:: Problem to solve ::
Once you find the line with "cardenal Poli Buenos" in the data below, transcribe exactly each line from there to the line with "コロナ　パレス　ホテル", inclusive, and nothing else. Drop the pictures.

Data for this exercise: Begin

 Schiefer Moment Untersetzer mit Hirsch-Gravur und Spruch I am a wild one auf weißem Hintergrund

Data for this exercise: End
Data for this exercise: Begin

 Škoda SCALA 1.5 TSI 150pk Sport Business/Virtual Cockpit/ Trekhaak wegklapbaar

Data for this exercise: End
Data for this exercise: Begin

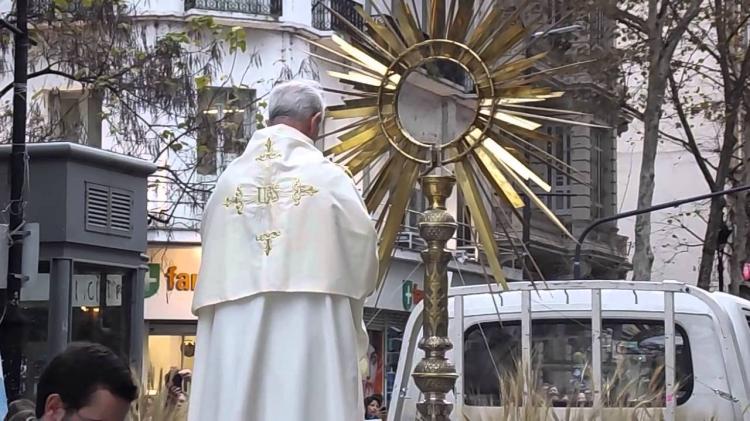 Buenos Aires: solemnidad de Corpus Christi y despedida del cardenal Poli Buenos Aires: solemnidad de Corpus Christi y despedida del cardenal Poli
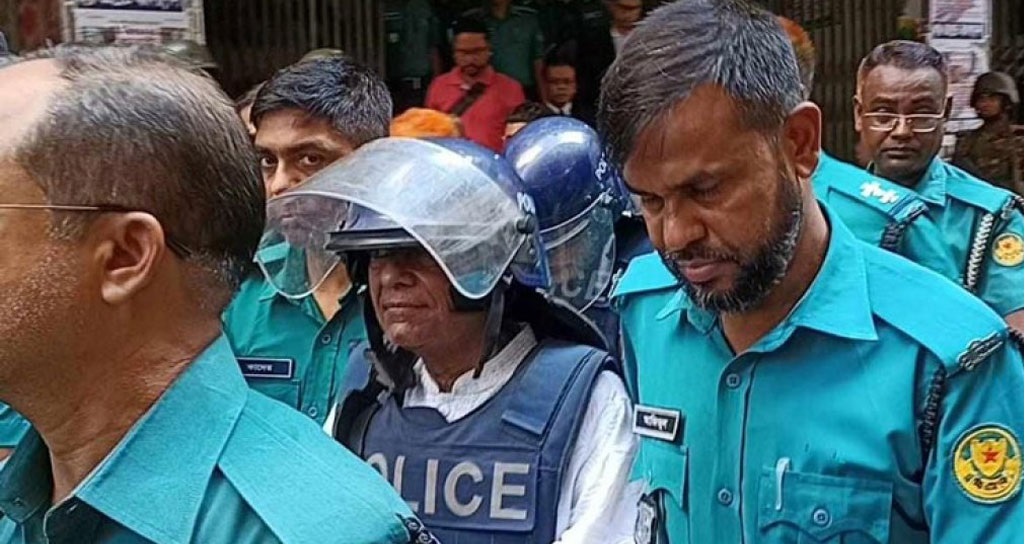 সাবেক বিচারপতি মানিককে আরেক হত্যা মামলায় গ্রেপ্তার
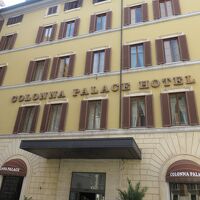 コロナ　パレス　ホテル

Data for this exercise: End

:: Solution for this task ::
 Buenos Aires: solemnidad de Corpus Christi y despedida del cardenal Poli Buenos Aires: solemnidad de Corpus Christi y despedida del cardenal Poli
 সাবেক বিচারপতি মানিককে আরেক হত্যা মামলায় গ্রেপ্তার
 コロナ　パレス　ホテル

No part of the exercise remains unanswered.